Download or read book Modelling and Forecasting Financial Data written by Abdol S. Soofi and published by Springer Science & Business Media. This book was released on 2012-12-06 with total page 496 pages. Available in PDF, EPUB and Kindle. Book excerpt: Modelling and Forecasting Financial Data brings together a coherent and accessible set of chapters on recent research results on this topic. To make such methods readily useful in practice, the contributors to this volume have agreed to make available to readers upon request all computer programs used to implement the methods discussed in their respective chapters. Modelling and Forecasting Financial Data is a valuable resource for researchers and graduate students studying complex systems in finance, biology, and physics, as well as those applying such methods to nonlinear time series analysis and signal processing.

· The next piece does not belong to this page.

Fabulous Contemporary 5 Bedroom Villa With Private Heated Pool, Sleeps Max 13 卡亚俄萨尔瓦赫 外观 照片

Book Nonlinear Financial Econometrics  Forecasting Models  Computational and Bayesian Models

Download or read book Nonlinear Financial Econometrics Forecasting Models Computational and Bayesian Models written by G. Gregoriou and published by Springer. This book was released on 2010-12-21 with total page 216 pages. Available in PDF, EPUB and Kindle. Book excerpt: This book investigates several competing forecasting models for interest rates, financial returns, and realized volatility, addresses the usefulness of nonlinear models for hedging purposes, and proposes new computational techniques to estimate financial processes.

Book Non Linear Time Series Models in Empirical Finance

Download or read book Non Linear Time Series Models in Empirical Finance written by Philip Hans Franses and published by Cambridge University Press. This book was released on 2000-07-27 with total page 299 pages. Available in PDF, EPUB and Kindle. Book excerpt: This 2000 volume reviews non-linear time series models, and their applications to financial markets.

Book Building Financial Models

Download or read book Building Financial Models written by John S. Tjia and published by McGraw Hill Professional. This book was released on 2004-01-10 with total page 354 pages. Available in PDF, EPUB and Kindle. Book excerpt: Financial modeling is essential for determining a company's current value and projecting its future performance, yet few books explain how to build models for accurately interpreting financial statements. Building Financial Models is the first book to correct this oversight, unveiling a step-by-step process for creating a core model and then customizing it for companies in virtually any industry. Covering every aspect of building a financial model, it provides a broad understanding of the actual mechanics of models, as well as their foundational accounting and finance concepts.

Book Neural Networks and the Financial Markets

Download or read book Neural Networks and the Financial Markets written by Jimmy Shadbolt and published by Springer Science & Business Media. This book was released on 2012-12-06 with total page 266 pages. Available in PDF, EPUB and Kindle. Book excerpt: This volume looks at financial prediction from a broad range of perspectives. It covers: - the economic arguments - the practicalities of the markets - how predictions are used - how predictions are made - how predictions are turned into something usable (asset locations) It combines a discussion of standard theory with state-of-the-art material on a wide range of information processing techniques as applied to cutting-edge financial problems. All the techniques are demonstrated with real examples using actual market data, and show that it is possible to extract information from very noisy, sparse data sets. Aimed primarily at researchers in financial prediction, time series analysis and information processing, this book will also be of interest to quantitative fund managers and other professionals involved in financial prediction.